Non‐Parametric Spectral Density Estimation Under Long‐Range Dependence
针对长程依赖时间序列,提出一种非参数核方法估计谱密度,通过频域变换减弱依赖,适用于弱依赖和强依赖,并证明估计量的一致性和最优带宽。
One major aim of time series analysis, particularly in the physical and geo‐sciences, is the estimation of the spectral density function. With weakly dependent time processes, non‐parametric, kernel‐based methods are available for spectral density estimation, which involves smoothing the periodogram by a kernel function. However, a similar non‐parametric approach is presently unavailable for strongly, or long‐range, dependent processes. In particular, as the spectral density function under long‐range dependence commonly has a pole at the origin, kernel‐based methods developed for weakly dependent processes (i.e., with bounded spectral densities) do not apply readily for long‐range dependence without suitable modification. To address this, we propose a non‐parametric kernel‐based method for spectral density estimation, which is valid under both weak and strong dependence.

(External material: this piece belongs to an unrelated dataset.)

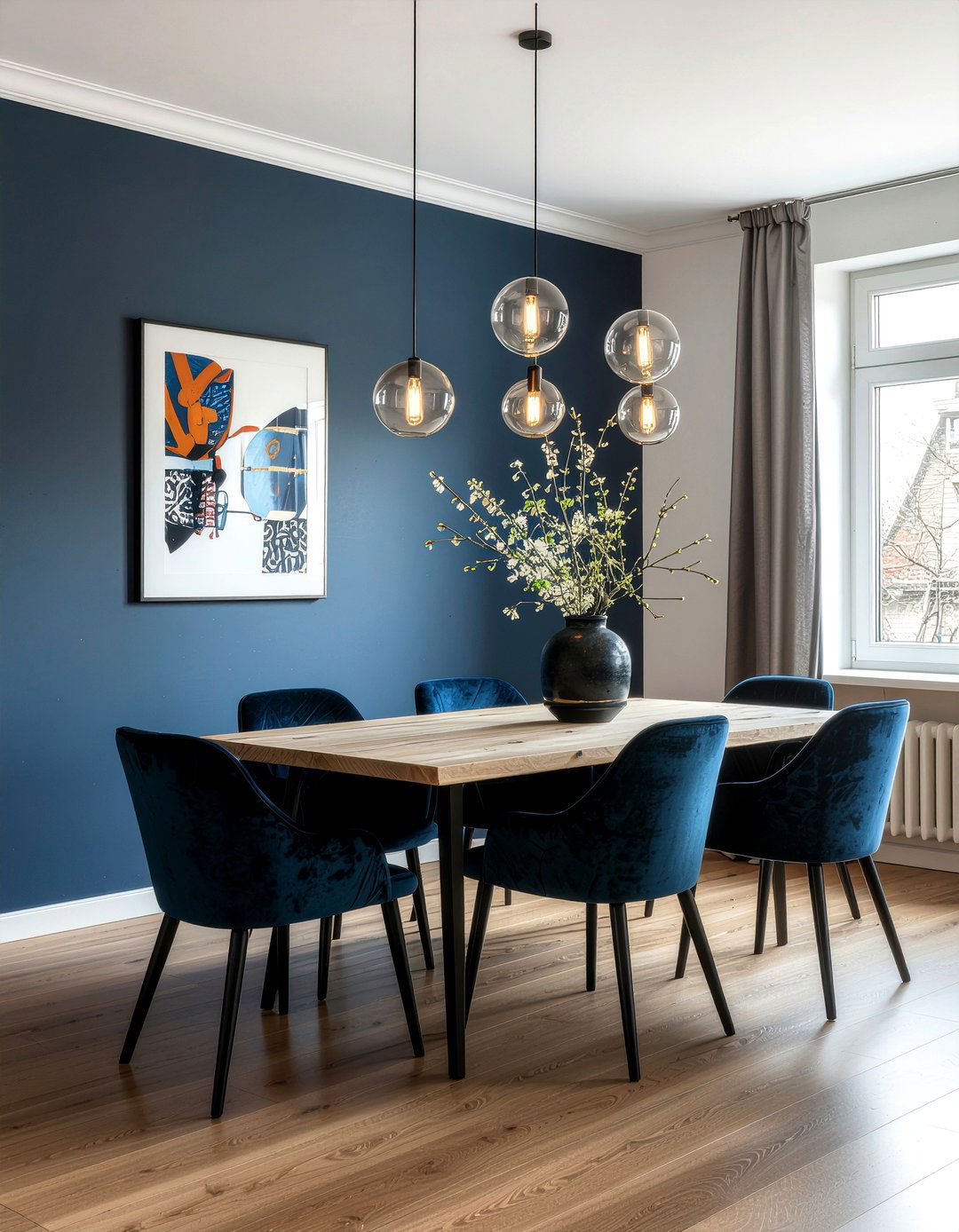 Bold Accent Wall - 30 row house dining room ideas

Based on the initial or pilot estimator of the long‐memory parameter, the method involves a frequency domain transformation to dampen the dependence in periodogram ordinates and mimic kernel‐based estimation under weak dependence. Under mild assumptions, the proposed non‐parametric spectral density estimator is shown to be uniformly consistent, and general expressions are provided for rates of estimation error and optimal kernel bandwidths. The method is investigated through simulation and illustrated through data examples, which also consider bandwidth selection.